Across the whole listing, return each line exactly, with no images included.

## The data
*-*-*

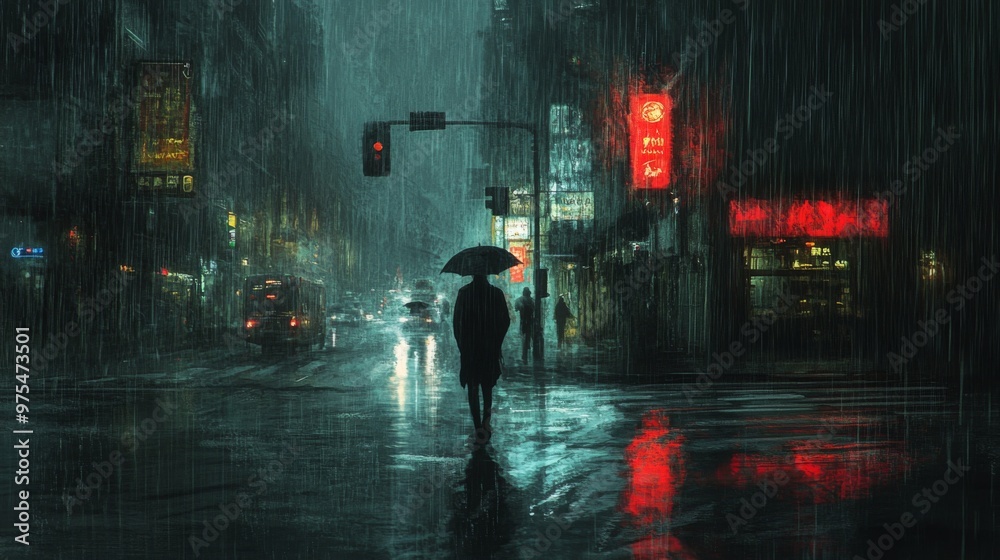 A solitary figure traverses a rain-soaked street, embodying a sense of isolation amid a captivating, melancholic backdrop A solitary figure traverses a rain-soaked street, embodying a sense of isolation amid a captivating, melancholic backdrop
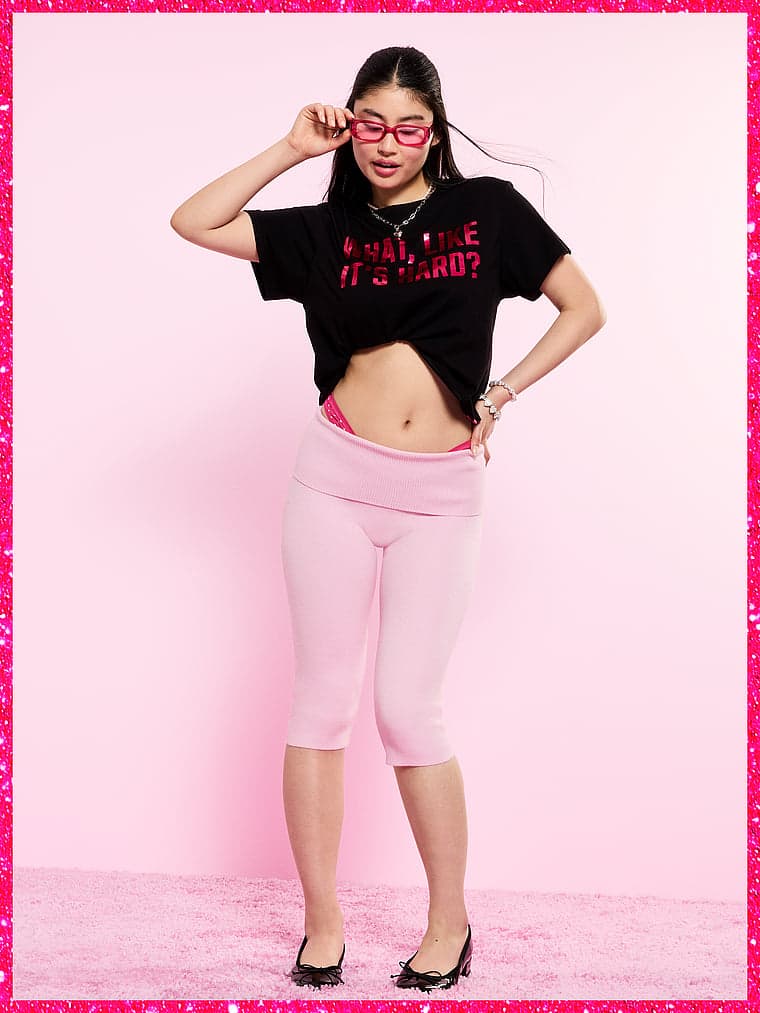 Женские брюки PINK Elle Knit Foldover Capri Pants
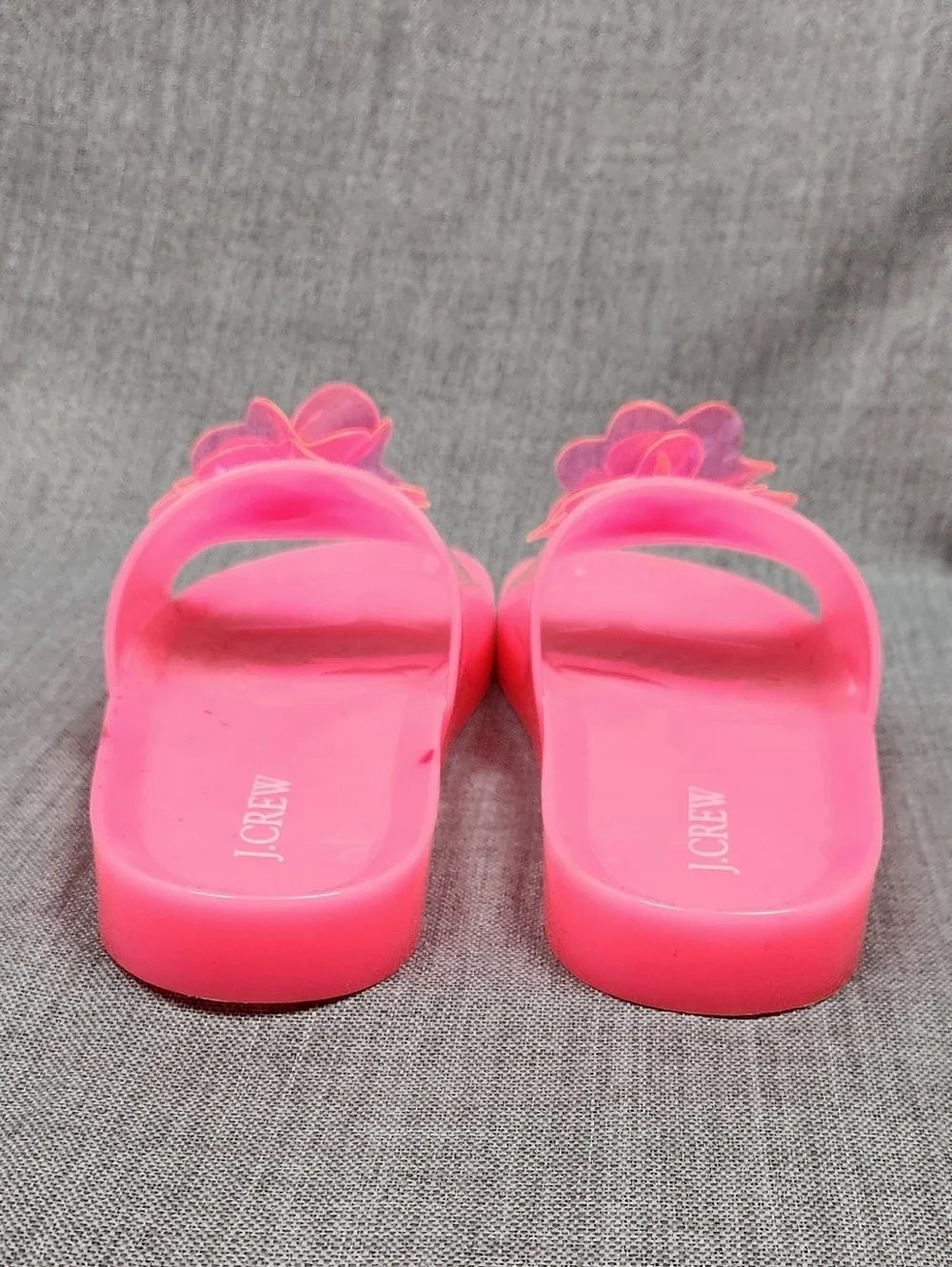 J. Crew  Pink Floral Jelly Blossom Pool Slides Size 8.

*-*-*

## Response
 A solitary figure traverses a rain-soaked street, embodying a sense of isolation amid a captivating, melancholic backdrop A solitary figure traverses a rain-soaked street, embodying a sense of isolation amid a captivating, melancholic backdrop
 Женские брюки PINK Elle Knit Foldover Capri Pants
 J. Crew  Pink Floral Jelly Blossom Pool Slides Size 8.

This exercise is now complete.